On May 20, 2015, Human Rights Watch sent this letter to the House Oversight and Government Reform Committee for its hearing "Ensuring Transparency through the Freedom of Information Act (FOIA)," on June 2, 2015, to detail the many recent problems we've encountered attempting to use FOIA in our research gathering.

May 20, 2015

The Honorable Jason Chaffetz, Chairman
Committee on Oversight and Government Reform
United States House of Representatives
2157 Rayburn House Office Building
Washington, DC 20515

The Honorable Elijah Cummings, Ranking Member
Committee on Oversight and Government Reform
United States House of Representatives
2157 Rayburn House Office Building
Washington, DC 20515

RE: Freedom of Information Act requests by Human Rights Watch

Dear Chairman Chaffetz and Ranking Member Cummings,

The US Freedom of Information Act (FOIA) is a critical instrument to ensure accountable government and make effective the American people's right to know information of public interest. At Human Rights Watch, we rely on the law as an essential tool to help document potential rights abuses by US agencies, as we did in our reports on the use of far and frequent detention transfers within the immigration system and the impact of US border prosecutions. However, as the Oversight Committee is aware, we are witnessing what the Associated Press has recently described as a procedural and substantive breakdown of the system.
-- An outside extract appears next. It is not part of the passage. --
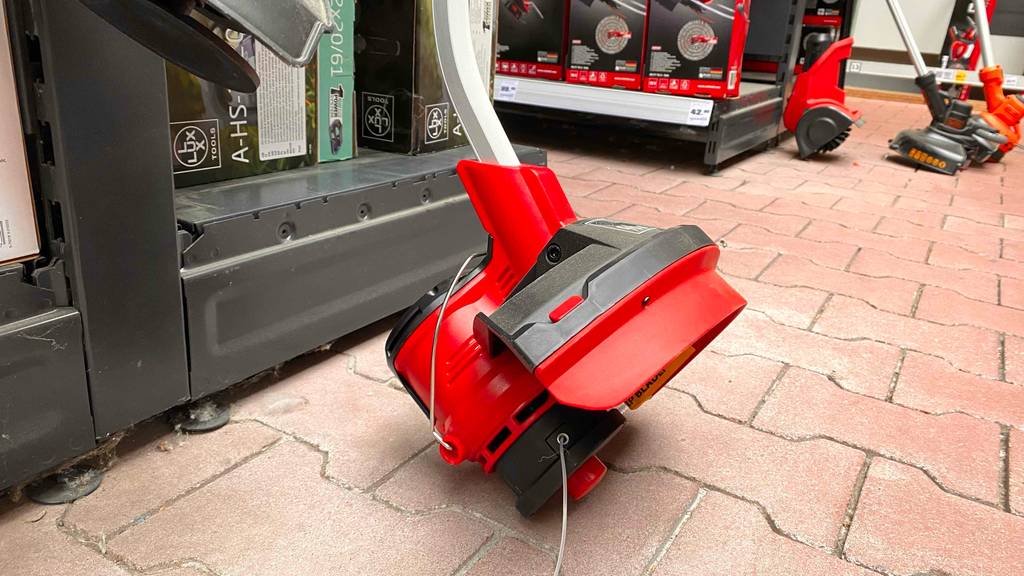 Einhell-Rasentrimmer im Test: unterer Teil eines Einhell-Rasentrimmers von der Seite ersichtlich.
Our own recent experience using FOIA is unfortunately consistent with the Associated Press's accounts of government agencies denying requests, delaying responses, charging exorbitant fees, censoring responses and generally obfuscating records requests at unprecedented levels.

A partial list of the problems we have encountered in using FOIA includes:

Unreasonable delays

It is not uncommon for us to wait nearly a year for an initial response to a FOIA request. In our worst horror stories, the government simply refuses to provide information, or provides unresponsive information, and the resolution of a FOIA request drags on for many years. For example, the Bureau of Prisons (BOP) stalled for 18 months and ultimately provided no responsive information to a FOIA request we filed in August 2012 on the numbers of people in federal prison charged or convicted of terrorism-related offenses and their conditions of confinement. Only after Human Rights Watch filed a lawsuit and the BOP was instructed by a federal judge to provide information did it begin to produce a portion of the requested information. However, even after negotiations in which BOP agreed to produce responsive information, the agency's redactions were so extensive as to make some of the information meaningless. A hearing on the litigation is scheduled for this June.

We are also currently appealing a FOIA denial from Immigrations and Customs Enforcement (ICE) for a request filed nearly three years ago (July 2012) regarding the immigration status and criminal history of deported non-citizens.

The agencies in question have offered little justification for these delays, which can significantly undermine the potential impact of the data in our work, as the information can become so outdated as to be useless.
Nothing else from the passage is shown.